In order to connect to the sshd server run as described above, clients need to specify the port number on the command line (e.g., ssh -p 1027 [my_andoid_ip]).

rsync (client)

I am using an unmodified build of the latest rsync source, built with the Android NDK. rsync can be used as a client with the default use of ssh to start the server on the remote system. It can also be used to talk to a stand-alone rsync daemon. I haven't (yet) included an rsh client, so the use of rsh to start a remote session (-e rsh) isn't working yet.

rsync (server)

At present, rsync can only be run as a server in stand-alone daemon mode. This mode does not require any other dameon processes (e.g., sshd) to be running on the device. The potential downside is that there is no authentication of clients, so such a daemon should probably not be left running for extended periods. The command line to start the rsync daemon is:
$ rsync --daemon --config [config_file] --port [port] --no-detach \
  --log-file /dev/null
You don't need to redirect the log to /dev/null — but the standard log location won't work, so you'll have to send it somewhere. The config file specifies what files will be made available in what modes, and how they will be identified by the client.
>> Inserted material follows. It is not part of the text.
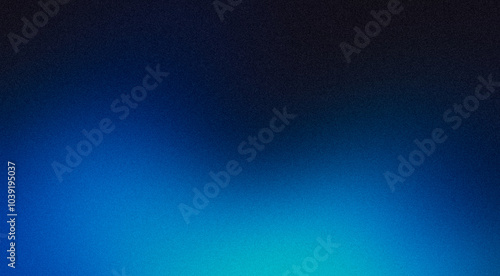 Abstract dark blue black color wave glowing grainy gradient backdrop design, copy space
A sample config file is provided in $KBOX/etc/rsyncd.conf. This config makes all files available, read/write, under the identifier 'all'. The client will do transfers like this:
$ rsync --port [rsync_port] [device_ip]::all/path/to/file [local_path]
This is essentially the normal usage of rsync as a client, except that the path is prefixed ':all', and the port number is given explicitly.

Note that the rsync daemon will have access only to the same files as the terminal emulator has, in an unrooted device.

To simplify usage, there is a script rsync_daemon.sh that starts the daemon as above, with a port number taken from kbox_ports.sh.

vim

I am using the full version of vim, v7.3.3. It is statically linked with ncurses for simplicity. ncurses needs a TERMINFO database — at least a minimal version. In addition, it needs to be launched with command-line arguments to specify where its supporting files are. The script $KBOX/bin/vim runs the vim executable with the appropriate settings for the kbox environment. It did not have to do anything extra to get colour to work, although some people have reported that additional terminal emulator settings are needed.

bc

The underated command-line calculator utility bc builds cleanly with the NDK complier, and links readline.so for command-line editing. The built-in precompiled function library doesn't work, for reasons that are not obvious to me. That's not a big deal, since far better ones are available. I have included the general function library from phodd.net, and the bc script will load this automatically.

file

The magic number database is at $KBOX/usr/share/misc/magic.mgc. file is a script that runs the binary with the MAGIC environment variable set appropriately.

Other utilities

hexedit — builds cleanly, linked dynamically with libncurses.so.

Closing remarks

It seems that a reasonable number of common, useful command-line utilities can be made to work in a root-less Android envrionment. I was mostly interested in getting rysnc and vim running, and these work to my satisfaction, although I doubt I use more than a fraction of the capabilities of either of these utilities.

Many of the complications associated with running a non-standard filesystem layout can be hidden from the user, by careful use of scripts and occasional code changes. In fact, I was pleasantly surprised by how few changes I had to make to the code.

Some of the complications of running without root access cannot easily he hidden — the need to specify specific port numbers for services, for example. I should also point out that the aggressive power management of Android makes it quite slow to run background processes that use network connections — but that's not specifically a problem with the technique I'm describing here.

If there's any interest in any of this, it might be possible to create a self-installer that does all the setup work, perhaps bundled with a terminal emulator.